> DIRECTIONS FOR THIS TASK
Return exactly and only these lines: the first of the listing through the one containing "2007 MITSUBISHI ECLIPSE".

> RECORDS TO PROCESS
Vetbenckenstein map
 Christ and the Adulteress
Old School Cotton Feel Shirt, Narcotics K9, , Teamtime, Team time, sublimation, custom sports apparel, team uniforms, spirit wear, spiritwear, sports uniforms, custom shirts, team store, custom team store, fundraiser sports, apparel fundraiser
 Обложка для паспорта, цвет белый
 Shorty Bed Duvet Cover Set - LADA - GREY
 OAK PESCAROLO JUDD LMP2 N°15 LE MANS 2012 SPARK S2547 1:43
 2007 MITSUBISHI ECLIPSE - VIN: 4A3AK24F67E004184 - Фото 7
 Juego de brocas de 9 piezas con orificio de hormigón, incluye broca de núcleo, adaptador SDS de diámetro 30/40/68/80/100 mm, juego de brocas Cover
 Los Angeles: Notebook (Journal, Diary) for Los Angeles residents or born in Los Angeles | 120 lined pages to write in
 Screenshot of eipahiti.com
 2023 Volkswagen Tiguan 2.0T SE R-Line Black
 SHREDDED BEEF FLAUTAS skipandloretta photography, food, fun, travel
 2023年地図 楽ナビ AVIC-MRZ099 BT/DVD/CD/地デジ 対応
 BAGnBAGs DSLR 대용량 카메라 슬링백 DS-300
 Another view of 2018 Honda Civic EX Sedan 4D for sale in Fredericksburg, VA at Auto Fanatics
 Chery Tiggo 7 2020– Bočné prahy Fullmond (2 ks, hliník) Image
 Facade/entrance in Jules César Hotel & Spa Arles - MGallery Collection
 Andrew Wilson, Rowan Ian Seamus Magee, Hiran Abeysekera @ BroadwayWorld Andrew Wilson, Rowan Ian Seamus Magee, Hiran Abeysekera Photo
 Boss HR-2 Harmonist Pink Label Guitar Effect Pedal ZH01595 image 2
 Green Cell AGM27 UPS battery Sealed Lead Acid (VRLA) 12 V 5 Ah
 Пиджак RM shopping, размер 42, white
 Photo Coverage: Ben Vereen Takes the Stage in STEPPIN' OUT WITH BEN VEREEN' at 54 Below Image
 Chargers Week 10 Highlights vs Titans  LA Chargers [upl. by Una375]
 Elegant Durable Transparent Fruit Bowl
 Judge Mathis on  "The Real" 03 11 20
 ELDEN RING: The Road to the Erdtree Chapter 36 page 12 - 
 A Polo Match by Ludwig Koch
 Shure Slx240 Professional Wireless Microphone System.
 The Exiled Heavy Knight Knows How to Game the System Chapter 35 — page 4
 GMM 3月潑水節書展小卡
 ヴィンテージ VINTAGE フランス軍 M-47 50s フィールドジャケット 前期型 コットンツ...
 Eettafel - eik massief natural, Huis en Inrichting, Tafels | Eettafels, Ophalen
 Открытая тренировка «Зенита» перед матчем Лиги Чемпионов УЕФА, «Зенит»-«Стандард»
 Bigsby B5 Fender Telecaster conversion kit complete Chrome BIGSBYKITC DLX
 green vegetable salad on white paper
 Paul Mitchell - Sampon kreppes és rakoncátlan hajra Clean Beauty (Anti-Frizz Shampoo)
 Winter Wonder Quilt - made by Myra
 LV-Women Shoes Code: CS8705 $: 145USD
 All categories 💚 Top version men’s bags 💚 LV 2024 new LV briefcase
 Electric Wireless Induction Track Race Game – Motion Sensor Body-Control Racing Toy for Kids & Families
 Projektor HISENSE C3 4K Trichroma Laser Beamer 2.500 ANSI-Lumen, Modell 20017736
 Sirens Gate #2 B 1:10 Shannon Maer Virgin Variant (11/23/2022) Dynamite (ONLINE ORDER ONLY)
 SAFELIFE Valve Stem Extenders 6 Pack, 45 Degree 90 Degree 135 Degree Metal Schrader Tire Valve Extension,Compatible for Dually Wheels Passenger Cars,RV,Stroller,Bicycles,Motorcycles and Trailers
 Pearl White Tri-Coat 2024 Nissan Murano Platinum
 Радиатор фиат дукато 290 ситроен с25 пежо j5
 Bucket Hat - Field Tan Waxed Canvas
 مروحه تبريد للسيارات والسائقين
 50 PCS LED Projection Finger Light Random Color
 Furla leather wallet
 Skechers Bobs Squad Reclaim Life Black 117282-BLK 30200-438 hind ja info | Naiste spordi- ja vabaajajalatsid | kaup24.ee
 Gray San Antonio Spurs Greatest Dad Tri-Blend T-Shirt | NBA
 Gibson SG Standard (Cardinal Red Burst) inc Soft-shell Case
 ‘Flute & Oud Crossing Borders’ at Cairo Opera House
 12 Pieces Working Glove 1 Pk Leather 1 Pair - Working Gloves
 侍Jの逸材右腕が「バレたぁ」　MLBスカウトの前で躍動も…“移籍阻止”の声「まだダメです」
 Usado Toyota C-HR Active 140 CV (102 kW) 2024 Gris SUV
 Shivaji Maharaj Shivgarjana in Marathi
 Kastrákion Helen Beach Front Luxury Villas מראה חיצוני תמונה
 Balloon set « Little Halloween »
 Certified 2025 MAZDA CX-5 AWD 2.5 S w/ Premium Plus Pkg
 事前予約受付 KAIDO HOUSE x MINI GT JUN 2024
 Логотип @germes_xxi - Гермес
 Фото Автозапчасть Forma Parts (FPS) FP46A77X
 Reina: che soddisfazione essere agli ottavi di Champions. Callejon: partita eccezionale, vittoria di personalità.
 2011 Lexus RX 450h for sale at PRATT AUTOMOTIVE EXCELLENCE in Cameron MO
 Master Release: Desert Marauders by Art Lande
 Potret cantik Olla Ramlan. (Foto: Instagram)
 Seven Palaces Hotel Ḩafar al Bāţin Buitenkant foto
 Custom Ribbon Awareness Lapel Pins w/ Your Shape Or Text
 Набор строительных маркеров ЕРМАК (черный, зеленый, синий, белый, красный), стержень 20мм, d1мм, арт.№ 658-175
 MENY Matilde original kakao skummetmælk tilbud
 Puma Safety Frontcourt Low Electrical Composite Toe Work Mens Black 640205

> ANSWER TO THIS PROBLEM
Vetbenckenstein map
 Christ and the Adulteress
Old School Cotton Feel Shirt, Narcotics K9, , Teamtime, Team time, sublimation, custom sports apparel, team uniforms, spirit wear, spiritwear, sports uniforms, custom shirts, team store, custom team store, fundraiser sports, apparel fundraiser
 Обложка для паспорта, цвет белый
 Shorty Bed Duvet Cover Set - LADA - GREY
 OAK PESCAROLO JUDD LMP2 N°15 LE MANS 2012 SPARK S2547 1:43
 2007 MITSUBISHI ECLIPSE - VIN: 4A3AK24F67E004184 - Фото 7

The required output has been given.